Doing research and getting paid for it is fantastic, but how to do that sustainably and maintain the interest of research funders? Even funders themselves cannot give a definite answer, but some trends can be pointed out. Admittedly, there are still universities and academic systems where nepotism and feudal-like arrangements rule, and the points made here do not concern them.

Tackling wicked problems

Not everyone might realise that our era of wicked problems has consequences for research funding, too. There is some sort of a global consciousness that we are living in the midst of problems that do not respect national borders, such as global warming, overpopulation, biodiversity loss, or violence caused by nationalism and fanaticism. Some of the issues are ages old, some are more recent.

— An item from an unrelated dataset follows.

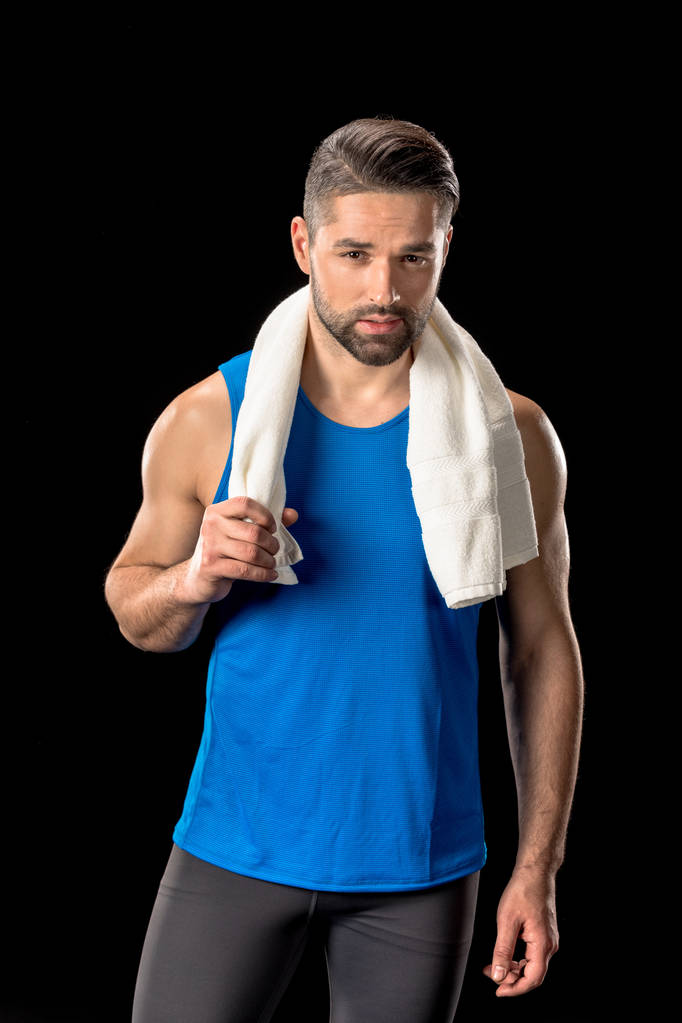 Esportista com toalha no pescoço
 - Foto, Imagem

Kalle Korhonen, Director of Research Funding at Kone Foundation

Now, there are many private research funders who wish to see wicked problems solved with their money. There is awareness among many private funders that in order to address wicked problems, systems changes are necessary, and root causes must be addressed (Ersoylu, 2017), which can bring new dynamism to some disciplines. However, in practice it is often easier to focus on piecemeal solutions, and favour short-term impact instead of long-term funding.

What does this mean for “frontier research”, previously known as “basic” or “fundamental research” (see the excellent terminological disentanglements by Kaldewey & Schauz, 2018)? The focus on root causes and systems changes is of course a good thing, because it requires exactly what frontier research is: creative and innovative work based on established research traditions.

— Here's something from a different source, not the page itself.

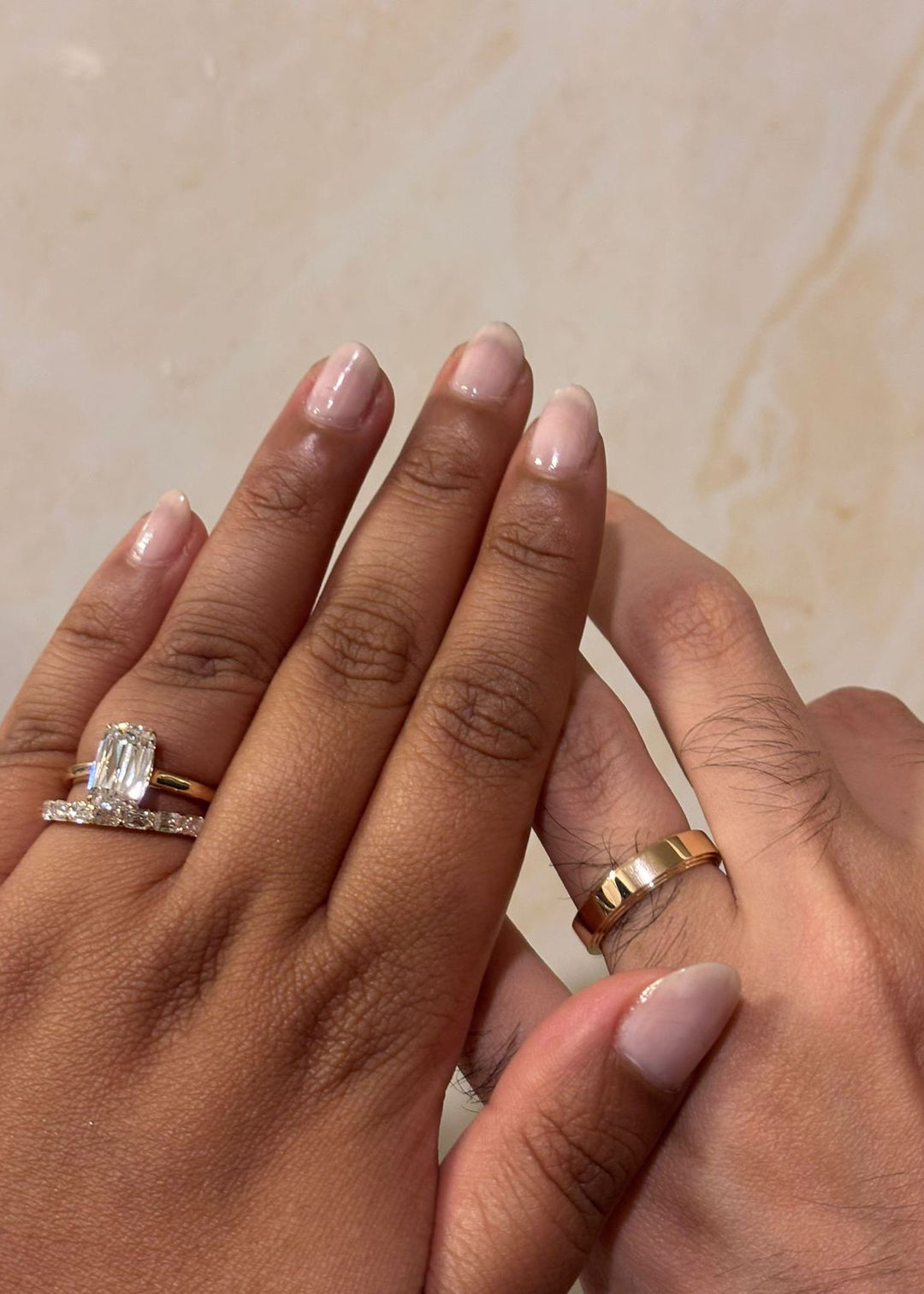 Couple hands with woman wearing Ashoka cut lab grown diamond solitaire ring and man wearing 18K yellow gold band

There is another, a bit different consequence of the focus on wicked problems: it is easier to start a new discipline than some decades ago. Because of the necessity to tackle wicked problems using cross-disciplinary, mission-like approaches (Mazzucato, 2018), new (cross-)disciplines, such as sustainability science, food security research, or automated sentiment analysis have emerged. In some places, new research centres have been established for them. Such centres can be short-lived, but for doing research sustainably, they are better than funding for an individual project.

(Not) enough time to work

However, a frontier academic certainly needs time – working hours – to do research. According to recent studies by Marek Kwiek and his many colleagues (Kwiek, 2018), European countries can be divided in two based on how much young academics spend time on doing research or teaching. In countries like Ireland, Poland and Portugal, young academics teach notably more than their colleagues in countries like Finland, Switzerland and UK, where they have more time for research at their disposal. Teaching is undeniably important – it forms part of the essence of a university – but enough is enough, as high-quality teaching requires time and dedication. If your research time is very limited, it is difficult to create a respectable basis for your own research. The fact that some academics are constantly teaching or preparing lectures also makes it very hard for them to publish, which leads to a lower status in a system which values publications above all else.

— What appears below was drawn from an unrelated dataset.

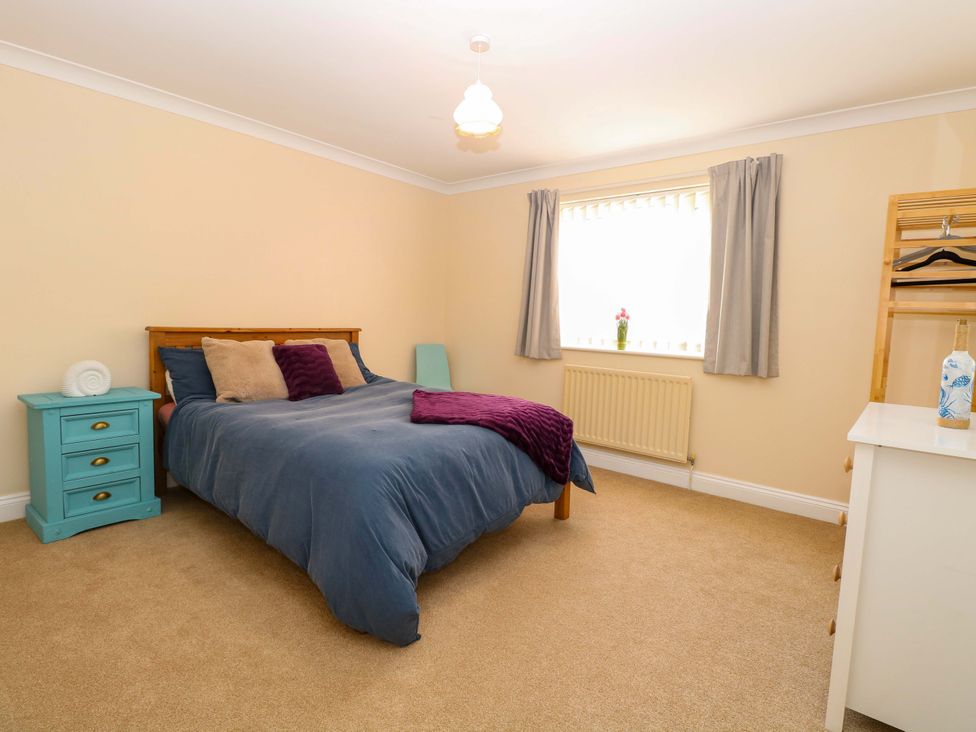 A bedroom with a bed and nightstand at The Bungalow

Another, maybe more reassuring point made by Kwiek is that academic careers are nowadays more predictable than they used to be, because of constant evaluation. There are of course differences between disciplines and countries, and public research funding might not be as stable as it used to be for some decades in the 20th century. Still, at least in places where evaluation is fairly unbiased and based on explicit criteria, young academics can make an educated guess on why they are or are not making progress in their careers.

Three things researchers should keep in mind

Although giving simple instructions on how to secure sustainable research funding is difficult, it is useful to remember the following:

First of all, funders are different, even public funders. Research evaluation is not similar to assessing the wealth of individuals: especially in the humanities and social sciences, the evaluation of individual funding applications is necessarily qualitative, and quantitative assessment and measurements play a smaller role. Even a very high-quality funder like the European Research Council is not the role model for everyone, although no one can deny its significance for frontier research. Some funders claim to take risks with every funding decision, others have special programmes for risky research funding (VWStiftung, 2019).

Secondly, ask the funders what they emphasize in the evaluation of applications. If you do not find this information on their website, contact them and ask. It is never forbidden to ask. Since decent evaluation is based on peer review, which is often anonymous, the people you can contact at a funder cannot answer if your research will be funded or not. This is not because the information would be classified, but because they do not know. However, they can give you advice.

The third point to remember is that networking across disciplines is never bad, and it can be especially fruitful in the current research funding situation. You are strongly encouraged to try to work with academics from a completely different discipline, even if such a collaboration would not seem useful to start with. Note, however, that a proper cross-disciplinary takes time, and you should soon locate a research funder who is willing to give you time. Then you can start explaining your methods to colleagues from the other end of the academic spectrum and begin establishing a research centre for posthumanist ethics or another important new field.